PROCOL HARUM – Procol Harum
A bien des égards, Procol Harum peut s’enorgueillir de certaines particularités. C’est un des rares groupes à avoir un parolier attitré dont le seul rôle est d’écrire les textes des chansons. Egalement, c’est un groupe qui a rencontré un gigantesque succès dès ses débuts… avec une chanson qui ne figure pas sur son premier album mais a été uniquement commercialisée en single.
Cette chanson, c’est bien entendu « A whiter shade of pale » avec son inaltérable motif d’orgue Hammond qui démarre le titre dans la grandeur, faisant de ce morceau un des plus grands slows de tous les temps. Aux jeunes (et même moins jeunes) lecteurs qui liront cette chronique, ils ont toutes les chances de devoir leur présence du Terre à « A whiter shade of pale » qui a dû réunir leurs parents sur des pistes de danse et susciter le grand émoi entre eux.
Mais Procol Harum, ce n’est pas que « A whiter shade of pale ». Nous allons essayer de rétablir la mémoire de ce groupe anglais qui fut un pilier des années 1960 et 70, grâce à une série de rééditions de ses premiers albums, sous l’égide du toujours indispensable label Esoteric Recordings. De 1967 à 1977, Procol Harum a réalisé une dizaine d’albums, puis s’est séparé jusqu’en 1991, année où les fondateurs Gary Brooker et Keith Reid ont reconstitué le groupe, qui est encore actif aujourd’hui.

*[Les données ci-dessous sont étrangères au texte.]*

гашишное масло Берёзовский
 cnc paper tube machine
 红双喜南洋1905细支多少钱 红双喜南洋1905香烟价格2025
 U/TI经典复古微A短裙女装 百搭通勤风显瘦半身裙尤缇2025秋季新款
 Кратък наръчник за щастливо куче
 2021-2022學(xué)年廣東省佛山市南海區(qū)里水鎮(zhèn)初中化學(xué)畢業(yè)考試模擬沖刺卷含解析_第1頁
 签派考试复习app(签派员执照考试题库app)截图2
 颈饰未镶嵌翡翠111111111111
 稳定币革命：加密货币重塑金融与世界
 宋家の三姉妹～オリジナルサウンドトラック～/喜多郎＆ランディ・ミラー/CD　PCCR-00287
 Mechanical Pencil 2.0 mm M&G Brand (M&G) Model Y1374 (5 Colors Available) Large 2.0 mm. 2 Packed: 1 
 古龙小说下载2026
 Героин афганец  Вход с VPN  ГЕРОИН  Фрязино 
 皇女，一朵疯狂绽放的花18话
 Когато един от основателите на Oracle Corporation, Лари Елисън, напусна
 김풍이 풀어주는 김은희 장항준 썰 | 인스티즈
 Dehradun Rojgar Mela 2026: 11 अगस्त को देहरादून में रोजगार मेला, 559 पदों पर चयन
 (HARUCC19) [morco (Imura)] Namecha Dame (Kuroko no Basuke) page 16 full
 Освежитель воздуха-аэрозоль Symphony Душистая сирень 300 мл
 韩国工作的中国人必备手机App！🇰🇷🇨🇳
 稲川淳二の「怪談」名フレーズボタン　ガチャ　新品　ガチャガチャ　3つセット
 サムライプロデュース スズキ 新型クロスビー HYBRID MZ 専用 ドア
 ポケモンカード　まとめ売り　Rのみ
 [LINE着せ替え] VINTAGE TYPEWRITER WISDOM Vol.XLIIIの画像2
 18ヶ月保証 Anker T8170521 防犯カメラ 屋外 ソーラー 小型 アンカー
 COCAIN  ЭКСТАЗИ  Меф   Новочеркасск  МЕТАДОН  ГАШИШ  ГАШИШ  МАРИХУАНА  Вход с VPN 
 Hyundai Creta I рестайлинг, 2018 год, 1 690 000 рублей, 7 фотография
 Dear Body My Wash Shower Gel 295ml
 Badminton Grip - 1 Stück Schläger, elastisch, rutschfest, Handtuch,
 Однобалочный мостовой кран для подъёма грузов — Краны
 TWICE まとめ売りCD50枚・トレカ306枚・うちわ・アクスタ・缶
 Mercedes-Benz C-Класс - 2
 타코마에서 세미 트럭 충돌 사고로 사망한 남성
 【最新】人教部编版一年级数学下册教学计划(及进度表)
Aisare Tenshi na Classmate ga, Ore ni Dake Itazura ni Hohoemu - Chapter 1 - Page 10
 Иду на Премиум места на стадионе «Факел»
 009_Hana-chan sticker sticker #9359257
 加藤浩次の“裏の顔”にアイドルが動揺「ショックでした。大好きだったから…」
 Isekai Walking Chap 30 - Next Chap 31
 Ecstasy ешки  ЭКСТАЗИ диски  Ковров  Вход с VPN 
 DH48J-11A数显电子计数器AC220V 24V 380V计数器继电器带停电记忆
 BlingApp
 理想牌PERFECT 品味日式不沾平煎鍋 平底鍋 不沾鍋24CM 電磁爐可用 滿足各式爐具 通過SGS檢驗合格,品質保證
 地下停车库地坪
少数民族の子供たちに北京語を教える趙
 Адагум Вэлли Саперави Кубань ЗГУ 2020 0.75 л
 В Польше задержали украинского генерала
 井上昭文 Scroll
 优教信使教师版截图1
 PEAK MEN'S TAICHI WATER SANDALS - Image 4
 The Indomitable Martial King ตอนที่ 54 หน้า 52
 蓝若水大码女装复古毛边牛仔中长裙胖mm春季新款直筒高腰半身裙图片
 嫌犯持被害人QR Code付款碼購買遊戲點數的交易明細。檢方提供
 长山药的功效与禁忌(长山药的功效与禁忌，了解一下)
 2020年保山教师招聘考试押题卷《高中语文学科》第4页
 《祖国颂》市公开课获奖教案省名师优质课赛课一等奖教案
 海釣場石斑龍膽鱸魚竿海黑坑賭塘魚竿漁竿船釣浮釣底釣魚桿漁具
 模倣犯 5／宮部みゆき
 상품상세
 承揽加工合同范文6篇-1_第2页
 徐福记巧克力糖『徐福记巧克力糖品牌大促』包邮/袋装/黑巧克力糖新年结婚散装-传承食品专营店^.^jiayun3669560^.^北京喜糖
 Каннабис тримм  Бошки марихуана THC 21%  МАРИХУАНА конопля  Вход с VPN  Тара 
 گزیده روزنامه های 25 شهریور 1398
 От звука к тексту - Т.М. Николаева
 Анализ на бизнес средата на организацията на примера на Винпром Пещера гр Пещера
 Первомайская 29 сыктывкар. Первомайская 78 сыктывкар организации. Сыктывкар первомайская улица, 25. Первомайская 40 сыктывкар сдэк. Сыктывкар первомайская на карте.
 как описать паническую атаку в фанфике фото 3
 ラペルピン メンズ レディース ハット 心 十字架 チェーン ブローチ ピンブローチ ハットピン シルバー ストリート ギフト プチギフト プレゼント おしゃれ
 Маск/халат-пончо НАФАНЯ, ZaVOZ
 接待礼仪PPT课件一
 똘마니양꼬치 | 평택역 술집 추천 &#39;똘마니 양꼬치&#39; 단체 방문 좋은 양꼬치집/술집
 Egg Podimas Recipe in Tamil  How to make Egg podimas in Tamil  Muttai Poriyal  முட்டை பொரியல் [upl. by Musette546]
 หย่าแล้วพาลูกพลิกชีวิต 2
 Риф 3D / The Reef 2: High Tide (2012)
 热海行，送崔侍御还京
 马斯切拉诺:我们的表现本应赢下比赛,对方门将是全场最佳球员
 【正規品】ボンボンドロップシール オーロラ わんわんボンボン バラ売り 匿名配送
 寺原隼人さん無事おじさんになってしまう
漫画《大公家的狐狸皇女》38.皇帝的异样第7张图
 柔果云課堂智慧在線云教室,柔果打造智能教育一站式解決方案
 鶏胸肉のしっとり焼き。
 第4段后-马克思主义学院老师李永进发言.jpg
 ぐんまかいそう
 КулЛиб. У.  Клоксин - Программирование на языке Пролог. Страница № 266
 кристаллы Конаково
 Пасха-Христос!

Les choses commencent en 1964 à Southend-on-Sea, où Gary Brooker, Robin Trower, Chris Copping et B.J. Wilson s’escriment dans The Paramounts, un petit combo qui obtient un hit mineur avec une reprise du « Poison ivy » de Leiber et Stoller. Face à l’insuccès, ce groupe se sépare en 1966, devient brièvement les Pinewoods avant de signer chez EMI en 1967 et prendre le nom de Procol Harum. Ce nom n’a jamais été clairement expliqué par les musiciens du groupe. On peut y voir une citation en mauvais latin signifiant « au-delà de ces choses » ou « de ces lointaines choses » selon que l’on manie correctement le génitif.
Quoiqu’il en soit, le groupe est créé par Gary Brooker (chant et guitare), qui recrute dans un premier temps Keith Reid (poète), Ray Royer (guitare), David Knights (basse) et Matthew Fisher (orgue). C’est ce line-up qui enregistre le single « A whiter shade of pale/Lime street blues » aux studios Olympic de Londres au printemps 1967. Le siège du batteur, qui n’est pas encore attribué, est occupé par Bill Eyden, un musicien de session. Dès la sortie du single en mai 1967, c’est un raz-de-marée de numéros un qui s’abat sur toute l’Europe. Même la Pologne, communiste à l’époque, l’accueille à la deuxième place de son hit parade. Et avec une cinquième place au Billboard, Procol Harum est en bonne position pour la conquête des Etats-Unis.
Le premier album éponyme qui sort en septembre 1967 ne contient pas « A whiter shade of pale » sur son édition anglaise, dont les morceaux sont enregistrés avec Robin Trower à la guitare et B.J. Wilson à la batterie. Par contre, l’édition américaine comprend « A whiter shade of pale » en première position sur la face 1. Cet album a une valeur historique puisque c’est un des premiers disques à établir les fondements du rock progressif et surtout du rock symphonique, un style encore en soubassement parmi les titres, qui sont toujours un peu empreints de psychédélisme. Paradoxalement, « Procol Harum » ne contient pas de hit notable et ses ventes anglaises sont surtout commandées par la forte impression laissée par le single « A whiter shade of pale » quelques mois auparavant. On peut cependant apprécier de beaux morceaux comme « Conquistador » (et la guitare de Robin Trower, appelé plus tard à une prolifique carrière solo), « Cerdes (Outside the gates of) » ou « Kaleidoscope ». L’autre musicien éminent est le claviériste Matthew Fisher, qui laisse sa marque grandiloquente sur « Mabel », « A Christmas carol », « Salad days (are here again) » ou l’impressionnant « Repent Walpurgis » qui s’inspire de Jean-Sébastien Bach.
« Procol Harum » rejoint la 26e place des charts anglais lors de sa sortie en septembre 1967. Il est accompagné du single « Homburg/Good captain Clack », composé de deux titres ne figurant pas sur l’album. Ce single, comme bien sûr le premier, figure sur la réédition Esoteric Recordings. Cet album en tant que tel n’est pas le meilleur de Procol Harum mais il doit être connu au titre de l’entretien de la culture générale. Et puis cette édition est indispensable en raison de la présence de « A whiter shade of pale » qui n’est pas, comme je le disais en commençant, un des plus grands slows du monde. C’est le plus grand slow de toute l’histoire du rock.